• _EXERCISE BRIEF_
Word for word, restate each of the records below.

##### SUPPLIED INFORMATION

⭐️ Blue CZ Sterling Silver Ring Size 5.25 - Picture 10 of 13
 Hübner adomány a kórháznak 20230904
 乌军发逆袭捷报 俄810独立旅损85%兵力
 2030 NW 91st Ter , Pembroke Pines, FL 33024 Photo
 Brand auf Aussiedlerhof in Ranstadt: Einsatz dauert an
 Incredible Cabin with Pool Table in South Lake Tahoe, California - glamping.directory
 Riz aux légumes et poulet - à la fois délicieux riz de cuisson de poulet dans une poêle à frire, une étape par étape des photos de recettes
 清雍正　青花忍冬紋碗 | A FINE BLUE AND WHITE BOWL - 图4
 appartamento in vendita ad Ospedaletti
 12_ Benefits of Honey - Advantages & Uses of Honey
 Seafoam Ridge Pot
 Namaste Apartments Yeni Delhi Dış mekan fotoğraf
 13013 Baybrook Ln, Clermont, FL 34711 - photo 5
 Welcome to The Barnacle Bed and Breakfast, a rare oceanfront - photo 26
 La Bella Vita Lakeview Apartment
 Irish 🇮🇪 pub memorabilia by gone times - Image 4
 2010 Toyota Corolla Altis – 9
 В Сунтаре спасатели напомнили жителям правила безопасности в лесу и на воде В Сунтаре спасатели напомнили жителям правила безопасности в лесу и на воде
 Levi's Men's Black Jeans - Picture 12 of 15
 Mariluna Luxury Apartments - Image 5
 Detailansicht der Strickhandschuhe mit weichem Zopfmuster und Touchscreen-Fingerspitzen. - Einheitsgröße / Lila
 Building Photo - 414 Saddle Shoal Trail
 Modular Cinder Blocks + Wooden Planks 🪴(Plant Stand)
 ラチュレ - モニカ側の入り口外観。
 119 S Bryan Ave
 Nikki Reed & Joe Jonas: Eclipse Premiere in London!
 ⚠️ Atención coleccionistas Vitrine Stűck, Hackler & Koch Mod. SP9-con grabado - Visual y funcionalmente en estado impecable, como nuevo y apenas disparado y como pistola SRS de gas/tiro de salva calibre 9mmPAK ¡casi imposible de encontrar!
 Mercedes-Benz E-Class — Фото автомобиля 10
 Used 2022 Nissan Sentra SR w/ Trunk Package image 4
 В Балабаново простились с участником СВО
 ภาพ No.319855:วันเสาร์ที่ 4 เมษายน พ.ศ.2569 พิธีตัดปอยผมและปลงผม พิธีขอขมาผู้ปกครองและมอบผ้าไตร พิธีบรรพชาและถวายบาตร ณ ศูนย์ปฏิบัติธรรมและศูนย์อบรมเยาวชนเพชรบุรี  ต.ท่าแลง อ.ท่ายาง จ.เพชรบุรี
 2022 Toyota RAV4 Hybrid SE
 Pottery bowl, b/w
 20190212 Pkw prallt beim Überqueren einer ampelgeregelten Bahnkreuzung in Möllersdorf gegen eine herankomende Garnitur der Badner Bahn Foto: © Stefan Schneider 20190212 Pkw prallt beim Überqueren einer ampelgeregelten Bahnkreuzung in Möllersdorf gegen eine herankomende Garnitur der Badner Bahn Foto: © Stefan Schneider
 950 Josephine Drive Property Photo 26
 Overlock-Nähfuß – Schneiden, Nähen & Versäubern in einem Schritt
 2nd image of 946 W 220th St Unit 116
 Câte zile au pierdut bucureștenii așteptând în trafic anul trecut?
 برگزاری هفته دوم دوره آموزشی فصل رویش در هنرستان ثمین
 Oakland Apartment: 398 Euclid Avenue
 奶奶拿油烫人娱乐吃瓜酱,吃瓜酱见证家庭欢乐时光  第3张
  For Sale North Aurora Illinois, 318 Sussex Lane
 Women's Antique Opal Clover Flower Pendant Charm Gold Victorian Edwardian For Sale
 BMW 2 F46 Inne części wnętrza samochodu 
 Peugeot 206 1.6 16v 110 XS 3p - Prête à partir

##########

• _ANSWER BOX_
⭐️ Blue CZ Sterling Silver Ring Size 5.25 - Picture 10 of 13
 Hübner adomány a kórháznak 20230904
 乌军发逆袭捷报 俄810独立旅损85%兵力
 2030 NW 91st Ter , Pembroke Pines, FL 33024 Photo
 Brand auf Aussiedlerhof in Ranstadt: Einsatz dauert an
 Incredible Cabin with Pool Table in South Lake Tahoe, California - glamping.directory
 Riz aux légumes et poulet - à la fois délicieux riz de cuisson de poulet dans une poêle à frire, une étape par étape des photos de recettes
 清雍正　青花忍冬紋碗 | A FINE BLUE AND WHITE BOWL - 图4
 appartamento in vendita ad Ospedaletti
 12_ Benefits of Honey - Advantages & Uses of Honey
 Seafoam Ridge Pot
 Namaste Apartments Yeni Delhi Dış mekan fotoğraf
 13013 Baybrook Ln, Clermont, FL 34711 - photo 5
 Welcome to The Barnacle Bed and Breakfast, a rare oceanfront - photo 26
 La Bella Vita Lakeview Apartment
 Irish 🇮🇪 pub memorabilia by gone times - Image 4
 2010 Toyota Corolla Altis – 9
 В Сунтаре спасатели напомнили жителям правила безопасности в лесу и на воде В Сунтаре спасатели напомнили жителям правила безопасности в лесу и на воде
 Levi's Men's Black Jeans - Picture 12 of 15
 Mariluna Luxury Apartments - Image 5
 Detailansicht der Strickhandschuhe mit weichem Zopfmuster und Touchscreen-Fingerspitzen. - Einheitsgröße / Lila
 Building Photo - 414 Saddle Shoal Trail
 Modular Cinder Blocks + Wooden Planks 🪴(Plant Stand)
 ラチュレ - モニカ側の入り口外観。
 119 S Bryan Ave
 Nikki Reed & Joe Jonas: Eclipse Premiere in London!
 ⚠️ Atención coleccionistas Vitrine Stűck, Hackler & Koch Mod. SP9-con grabado - Visual y funcionalmente en estado impecable, como nuevo y apenas disparado y como pistola SRS de gas/tiro de salva calibre 9mmPAK ¡casi imposible de encontrar!
 Mercedes-Benz E-Class — Фото автомобиля 10
 Used 2022 Nissan Sentra SR w/ Trunk Package image 4
 В Балабаново простились с участником СВО
 ภาพ No.319855:วันเสาร์ที่ 4 เมษายน พ.ศ.2569 พิธีตัดปอยผมและปลงผม พิธีขอขมาผู้ปกครองและมอบผ้าไตร พิธีบรรพชาและถวายบาตร ณ ศูนย์ปฏิบัติธรรมและศูนย์อบรมเยาวชนเพชรบุรี  ต.ท่าแลง อ.ท่ายาง จ.เพชรบุรี
 2022 Toyota RAV4 Hybrid SE
 Pottery bowl, b/w
 20190212 Pkw prallt beim Überqueren einer ampelgeregelten Bahnkreuzung in Möllersdorf gegen eine herankomende Garnitur der Badner Bahn Foto: © Stefan Schneider 20190212 Pkw prallt beim Überqueren einer ampelgeregelten Bahnkreuzung in Möllersdorf gegen eine herankomende Garnitur der Badner Bahn Foto: © Stefan Schneider
 950 Josephine Drive Property Photo 26
 Overlock-Nähfuß – Schneiden, Nähen & Versäubern in einem Schritt
 2nd image of 946 W 220th St Unit 116
 Câte zile au pierdut bucureștenii așteptând în trafic anul trecut?
 برگزاری هفته دوم دوره آموزشی فصل رویش در هنرستان ثمین
 Oakland Apartment: 398 Euclid Avenue
 奶奶拿油烫人娱乐吃瓜酱,吃瓜酱见证家庭欢乐时光  第3张
  For Sale North Aurora Illinois, 318 Sussex Lane
 Women's Antique Opal Clover Flower Pendant Charm Gold Victorian Edwardian For Sale
 BMW 2 F46 Inne części wnętrza samochodu 
 Peugeot 206 1.6 16v 110 XS 3p - Prête à partir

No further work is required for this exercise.